Already, Hugh Hewitt is reading “appeasers” out of the blogosphere, even those conservatives who want to stop and think about this for a second before we start blasting away at Syria and Iran. World War III is the message of the week. Hewitt likes to cite the William Manchester biography of Winston Churchill, “The Last Lion,” which documents British appeasement of Hitler in the 1930s, and Churchill’s lonely, failed efforts to reverse it before the Nazi military strength grew to the point where it threatened all of Europe. I’ve read that book, and it’s great, and it has nothing to do with today.

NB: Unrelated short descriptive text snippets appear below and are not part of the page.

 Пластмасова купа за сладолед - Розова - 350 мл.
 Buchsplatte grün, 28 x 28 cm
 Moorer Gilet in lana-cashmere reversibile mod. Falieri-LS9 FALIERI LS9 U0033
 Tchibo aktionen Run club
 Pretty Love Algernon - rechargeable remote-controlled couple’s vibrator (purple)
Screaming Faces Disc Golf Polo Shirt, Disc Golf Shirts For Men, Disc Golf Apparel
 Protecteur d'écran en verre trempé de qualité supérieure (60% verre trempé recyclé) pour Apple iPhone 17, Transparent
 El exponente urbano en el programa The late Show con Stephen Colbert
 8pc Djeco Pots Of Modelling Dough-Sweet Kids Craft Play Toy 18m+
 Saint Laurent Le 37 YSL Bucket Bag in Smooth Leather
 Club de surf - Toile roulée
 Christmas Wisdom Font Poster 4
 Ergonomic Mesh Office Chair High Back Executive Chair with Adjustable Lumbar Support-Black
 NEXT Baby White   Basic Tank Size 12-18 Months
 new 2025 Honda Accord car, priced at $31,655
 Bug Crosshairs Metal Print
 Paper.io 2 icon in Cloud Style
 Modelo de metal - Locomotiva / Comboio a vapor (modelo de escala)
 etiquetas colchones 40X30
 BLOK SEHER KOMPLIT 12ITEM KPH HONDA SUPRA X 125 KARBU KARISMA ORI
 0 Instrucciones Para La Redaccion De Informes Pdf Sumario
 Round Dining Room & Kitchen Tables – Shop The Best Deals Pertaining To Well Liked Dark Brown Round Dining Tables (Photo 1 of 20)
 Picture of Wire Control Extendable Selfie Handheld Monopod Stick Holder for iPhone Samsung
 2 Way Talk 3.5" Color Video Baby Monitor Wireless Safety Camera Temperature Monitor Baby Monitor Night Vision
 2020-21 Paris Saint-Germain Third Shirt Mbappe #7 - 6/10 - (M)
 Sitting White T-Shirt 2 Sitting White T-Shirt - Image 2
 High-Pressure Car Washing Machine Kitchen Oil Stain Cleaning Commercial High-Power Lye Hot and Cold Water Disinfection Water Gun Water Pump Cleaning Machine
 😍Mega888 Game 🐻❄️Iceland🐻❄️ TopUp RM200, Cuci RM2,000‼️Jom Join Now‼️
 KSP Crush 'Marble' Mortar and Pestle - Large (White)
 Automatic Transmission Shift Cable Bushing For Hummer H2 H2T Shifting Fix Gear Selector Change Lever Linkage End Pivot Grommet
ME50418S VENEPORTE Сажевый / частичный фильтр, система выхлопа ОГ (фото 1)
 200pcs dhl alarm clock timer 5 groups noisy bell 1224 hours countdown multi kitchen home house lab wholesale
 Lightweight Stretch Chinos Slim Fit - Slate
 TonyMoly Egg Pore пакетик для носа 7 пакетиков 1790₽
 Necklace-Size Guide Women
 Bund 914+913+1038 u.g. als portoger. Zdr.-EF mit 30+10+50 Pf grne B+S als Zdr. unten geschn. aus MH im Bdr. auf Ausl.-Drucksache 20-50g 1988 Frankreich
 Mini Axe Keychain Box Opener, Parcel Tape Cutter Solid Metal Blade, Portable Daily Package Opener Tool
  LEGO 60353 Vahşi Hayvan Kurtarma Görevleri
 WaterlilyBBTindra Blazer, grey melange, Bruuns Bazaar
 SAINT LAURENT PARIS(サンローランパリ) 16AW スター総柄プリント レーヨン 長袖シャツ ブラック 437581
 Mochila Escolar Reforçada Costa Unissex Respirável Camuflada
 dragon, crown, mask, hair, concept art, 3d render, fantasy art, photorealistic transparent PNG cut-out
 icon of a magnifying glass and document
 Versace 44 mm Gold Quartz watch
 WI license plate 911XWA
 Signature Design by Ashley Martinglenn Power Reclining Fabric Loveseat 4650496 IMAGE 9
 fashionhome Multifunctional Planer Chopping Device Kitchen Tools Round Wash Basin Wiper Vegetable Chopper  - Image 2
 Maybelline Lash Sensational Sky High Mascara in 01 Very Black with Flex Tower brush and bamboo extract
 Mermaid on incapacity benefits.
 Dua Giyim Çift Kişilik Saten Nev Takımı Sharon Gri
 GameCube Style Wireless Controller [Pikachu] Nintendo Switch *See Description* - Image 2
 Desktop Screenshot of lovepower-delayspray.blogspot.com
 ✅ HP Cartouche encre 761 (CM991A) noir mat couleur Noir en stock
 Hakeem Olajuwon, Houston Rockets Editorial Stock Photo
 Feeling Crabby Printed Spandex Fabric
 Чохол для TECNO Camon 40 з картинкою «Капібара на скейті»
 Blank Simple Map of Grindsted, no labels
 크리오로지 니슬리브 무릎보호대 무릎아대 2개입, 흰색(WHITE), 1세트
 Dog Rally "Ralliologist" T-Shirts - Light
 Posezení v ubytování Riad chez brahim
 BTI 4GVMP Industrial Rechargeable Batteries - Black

The British appeasers thought Hitler could be Britain’s ally against the Communist Soviet Union, or if not an ally, a kind of vanguard who would do the dirty work that the deeply anti-Red British establishment didn’t want to do themselves. Also, the British establishment thought many of Hitler’s demands were quite reasonable; it was still an embarassment to Britain that it supported the draconian punishment of Germany demanded by France after WWI.
These positions look ridiculous now, and those who held them are responsible for hundreds of millions of avoidable deaths. That’s why “appeaser” is such a blood insult for Hewitt to toss around so carelessly.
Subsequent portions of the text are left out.